Symptoms of Fibrosarcoma

of symptoms and clinical signs, we’ll speak about the most common type of Fibrosarcohat just below the skin. These may include:

  • Lump under the skin, in soft tissue, or on a bone (this is the most common).
  • Pain near or off the bow.
  • I am swelling in the area of the lump.
  • Problems with motion (typically happens when the lump grows near a joint).
  • Neurological problems (there are many; again, this can occur depending on the area of the lump).
  • I have swollen lymph nodes near the lump.

Diagnosis for Fibrosarcoma

The only way to get Fibrosarcoma diagnosed in your dog is to see a veterinarian. The vet will typically biopsy the lump to see if it is Fibrosarcoma or another type of cancer. The biopsy will let your vet see the cancerous tissue and tumor cells under a microscope. During this, they may determine it to be spindle cell sarcoma or something else.

Treatment Options

Some options exist after your vet has established that the tumor type is Fibrosarcoma. In most instances, surgery is enough. Surgical tumor removal eliminates the cancer, and your dog is OK. However, in “advanced” cases, your vet may recommend radiation therapy, chemotherapy, or even limb removal to save your pet’s life!

We should also point out that…

Radiation and chemotherapy treatment techniques, when required, are lengthy and challenging treatments for your pet. Luckily, this is usually not necessary with basic Fibrosarcoma. Still, we would like to point this out as an added incentive to get you to visit your veterinarian when you suspect something isn’t “right.”

This could not only save your pet a lot of pain and suffering, but it could also save you a whole “bunch” of money! Also, it’s essential to know that if your dog develops a fibrosarcoma once, you should watch for any new growth. This means your dog is susceptible, and it will probably recur.

The first step is to visit the veterinarian!

As you may have gathered, we’re not vets or doctors. We know about Fibrosarcoma and other diseases and types of cancers, but we are not experts – and we aren’t trying to diagnose, treat, or cure your dog. So if you suspect your dogs or cats to have any health problems, you should take him/her/them to the vet! That’s the only way to get the correct diagnosis and treatment.

Cost of Treatment

You’re not taking to the vet right now because of the costs – and you’re right. If your dog has cancer (even one that could be called “less serious” like Fibrosarcoma), diagnosis and treatment can get pretty expensive. Biopsies, surgery, follow-up visits, and more – it all adds up. You’re probably looking at a total vet bill of over $ 1,500 (it could be much more if your dog requires radiation).

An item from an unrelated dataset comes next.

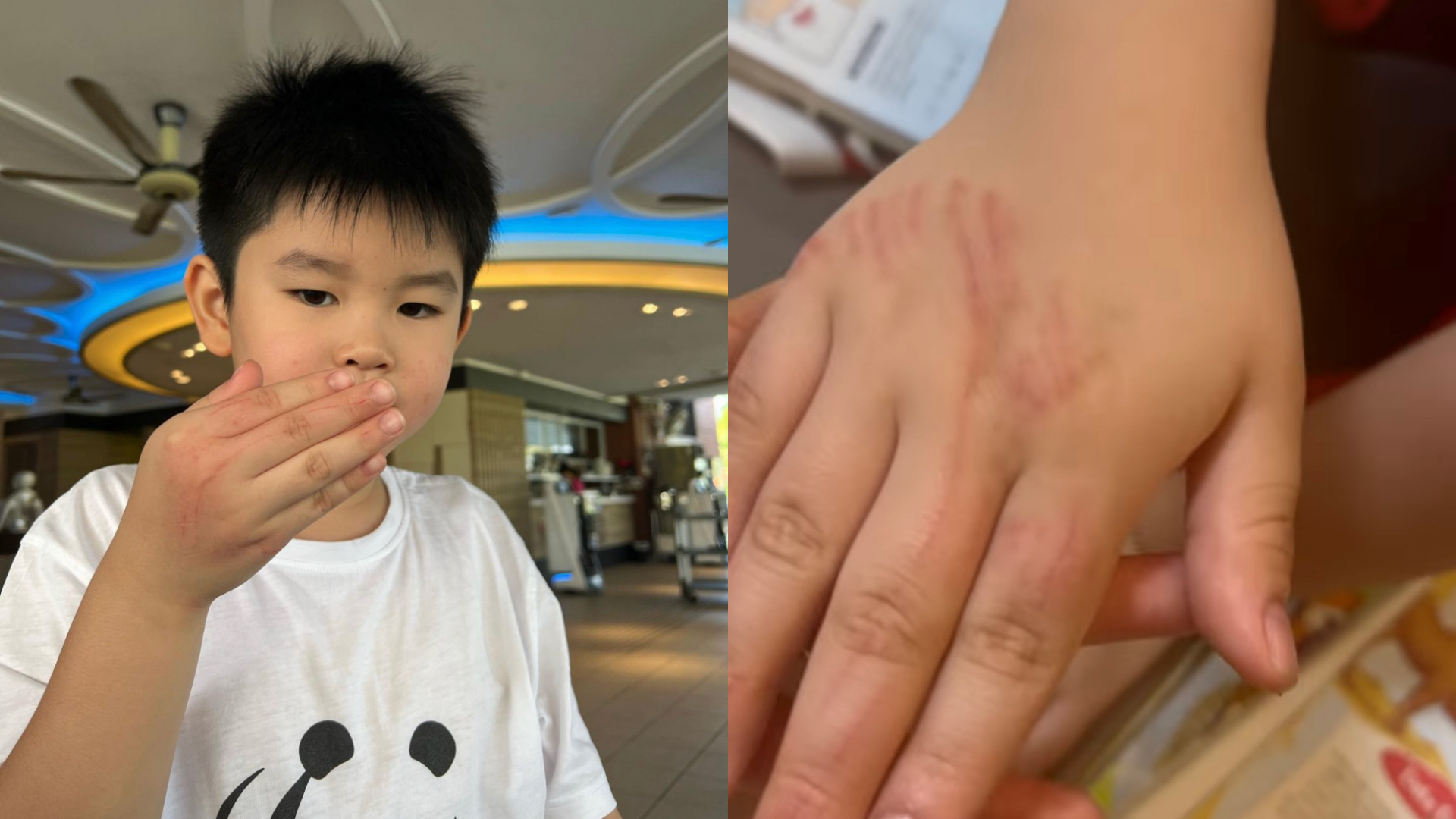 Fann Wong’s son got bitten by a fish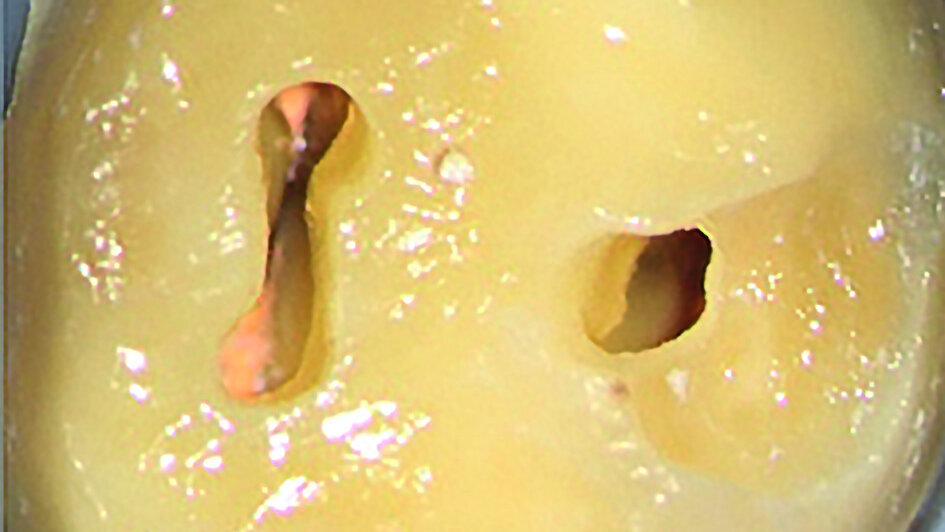 Préparer les cavités d’accès endodontique – Pour des résultats à long terme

This is why we always recommend any pet owner to bring their pet to a trained veterinarian when they suspect that their pet may have a “medical issue” because early diagnosis always increases the likelihood that your pet will recover quickly and…

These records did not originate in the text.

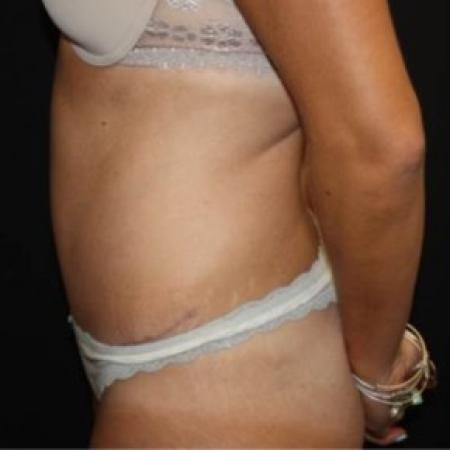 After image 3 Case #84291 - Abdominoplasty - 39 year old female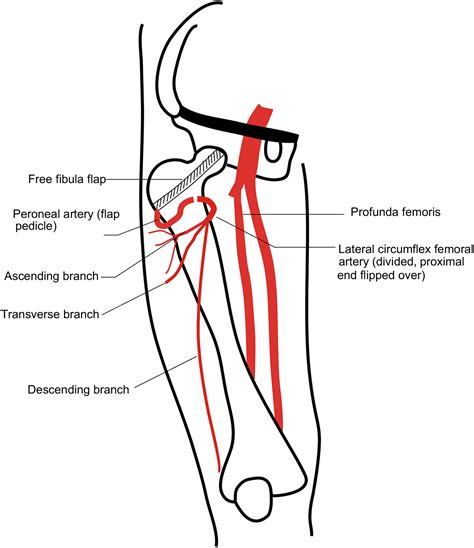 Medial Circumflex Femoral Artery Branches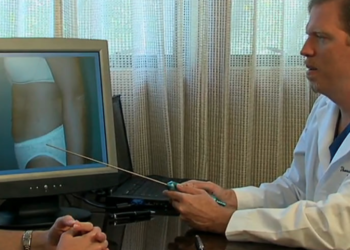 How Would You Compare Traditional Weight Loss to Liposuction?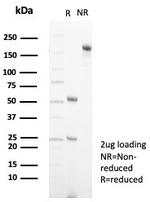 FGF23 (Fibroblast Growth Factor 23) Antibody in SDS-PAGE (SDS-PAGE)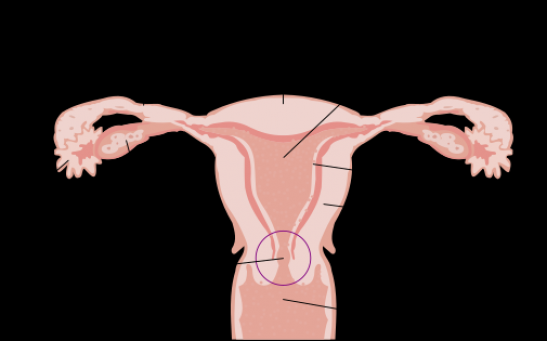 Ovarian Cancer Can Be Prevented By Fallopian Tube Removal [Study]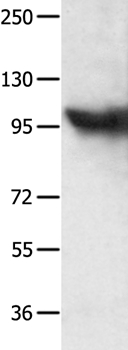 MCM8 Antibody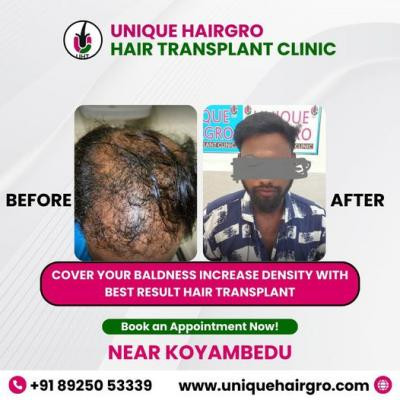 hair-transplant-cost-in-chennai-big-2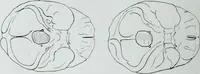 An illustration from Zur Morphologie der Rassen-Schädel : einleitende Bemerkungen und Beiträge, ein Sendschreiben an ... Carl Ernst v. Baer / von Joh. Christ. Gustav Lucae. (1861)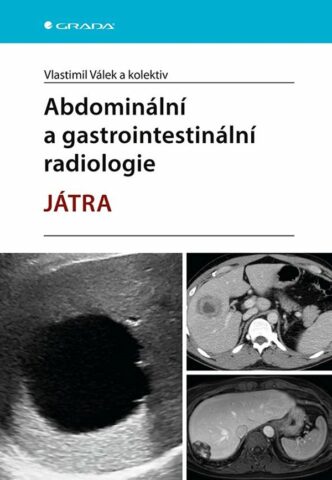 Abdomin&aacute;ln&iacute; a gastrointestin&aacute;ln&iacute; radiologie, J&Aacute;TRA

“Will generally reduce the cost of treatment as well!”

And since we’re talking about the cost of veterinarian care, we should also take a moment and recommend that you check out our Best Pet Insurance Companies article, where we discuss some of the pros and cons of owning a pet insurance policy on your pet.

“Spoiler Alert”

A qualified pet insurance policy in place if and when your pet becomes sick or injured could save you a bundle of money. So, what are you waiting for? Check it out and see if a pet insurance policy might be right for you!